Study of Amantadine for Risperidone Consta or Paliperidone Treated Patients to Decrease Prolactin Elevation

Condition(s) targeted: Schizophrenia; Schizoaffective Disorder

Intervention: Amantadine Hydrochloride, USP (Drug); Amantadine Hydrochloride, USP (Drug); Placebo (Drug)

Phase: Phase 4

Status: Recruiting

Sponsored by: David C. Henderson, MD

Official(s) and/or principal investigator(s):
David C. Henderson, M.D., Principal Investigator, Affiliation: North Sufflok Mental Health Association, Freedom Trail Clinic

Overall contact:
Claire Oppenheim, Phone: 617-912-7837, Email: coppenheim@partners.org

The purpose of this study is to show that amantadine might help to reduce the side effect of the medications which are prescribed to treat schizophrenia or schizoaffective disorder. High level of hormone prolactin, or hyperprolactinemia, is one of the side effects which might be developed in patients treated with the paliperidone ER or risperidone Consta.

High level of prolactin might stimulate breast development, might decrease sexual desire (libido). The goals of this study are to demonstrate that amantadine lowers prolactin levels, decreases side effects, and improves psychiatric symptoms.

Official title: Amantadine Addition to Paliperidone ER or Risperidone Consta Therapy for Prolactin Elevation

Study design: Allocation: Randomized, Endpoint Classification: Safety/Efficacy Study, Intervention Model: Parallel Assignment, Masking: Double Blind (Subject, Caregiver, Investigator, Outcomes Assessor), Primary Purpose: Treatment

Primary outcome: To assess prolactin levels at 4 weeks for individuals treated with adjunctive amantadine or placebo.

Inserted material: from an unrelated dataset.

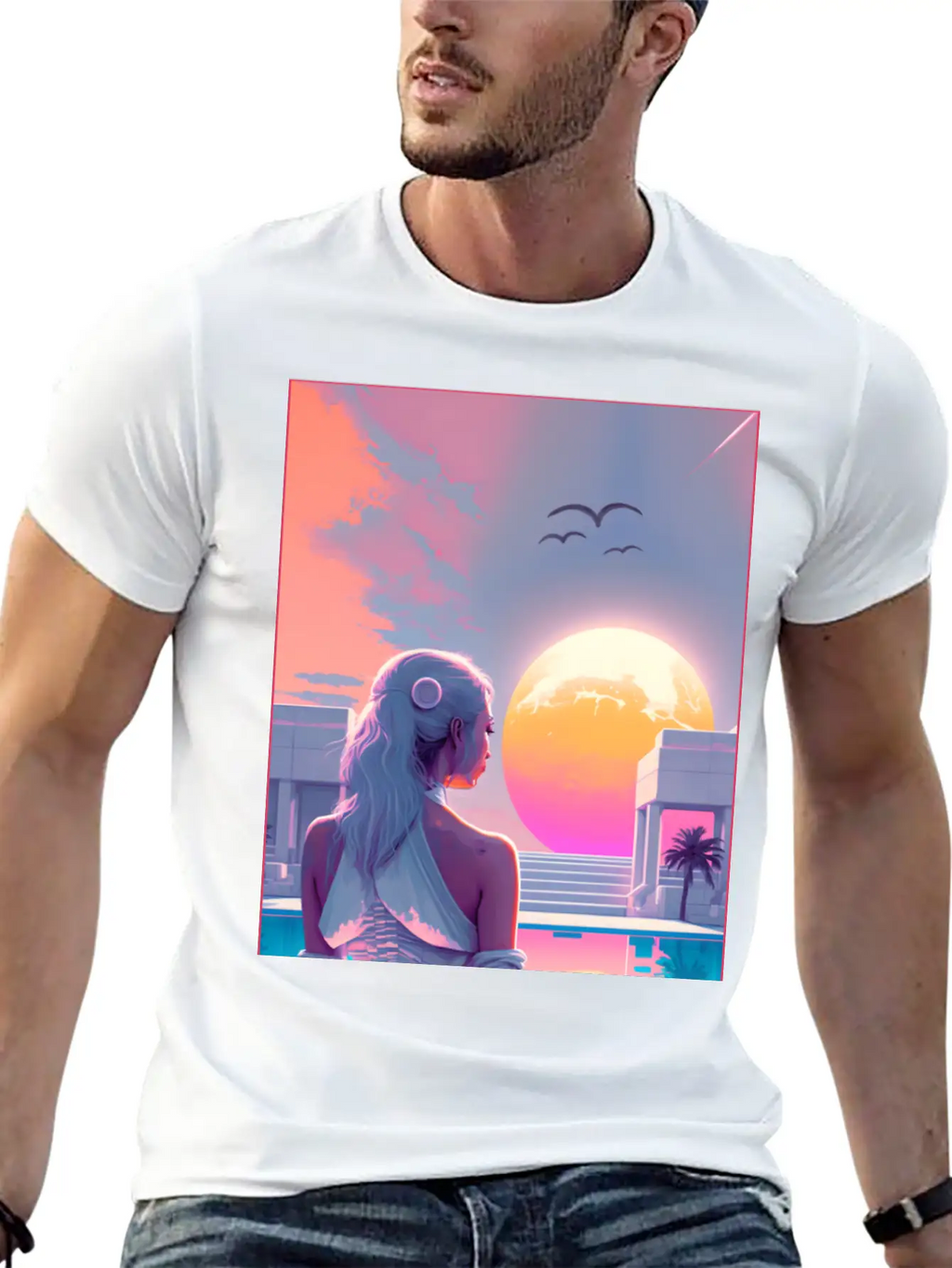 MoonLight - Vaporwave Style Casual Graphic T-Shirt – Simple And Comfortable Daily Wear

Secondary outcome: Examine the efficacy of amantadine in reducing prolactin-related side effects. Examine the efficacy of amantadine in improving tardive dyskinesia. Examine the effects of amantadine on weight, fasting glucose and lipids.

Detailed description: Trial Description: A double-blind, placebo-controlled, prospective, randomized trial to evaluate the effects of two doses of amantadine or placebo in the management of antipsychotic-induced hyperprolactinemia and psychiatric status in patients with schizophrenia or schizoaffective disorder who are clinically stable on paliperidone ER or risperidone Consta. Placebo or amantadine 100 mg or 200 mg BID will be administered to participants for 4 consecutive weeks as an adjunctive therapy in 72 schizophrenia subjects treated with paliperidone or risperidone Consta to examine amantadine effects on fasting AM serum prolactin levels. Participants will be followed after suspension of amantadine or placebo for an additional 4 weeks for safety purposes. The goals of this study are to prospectively demonstrate that amantadine lowers prolactin levels, and evaluate the impact of amantadine on psychiatric symptoms, and on prolactin-related side effects in patients treated with paliperidone ER or risperidone Consta.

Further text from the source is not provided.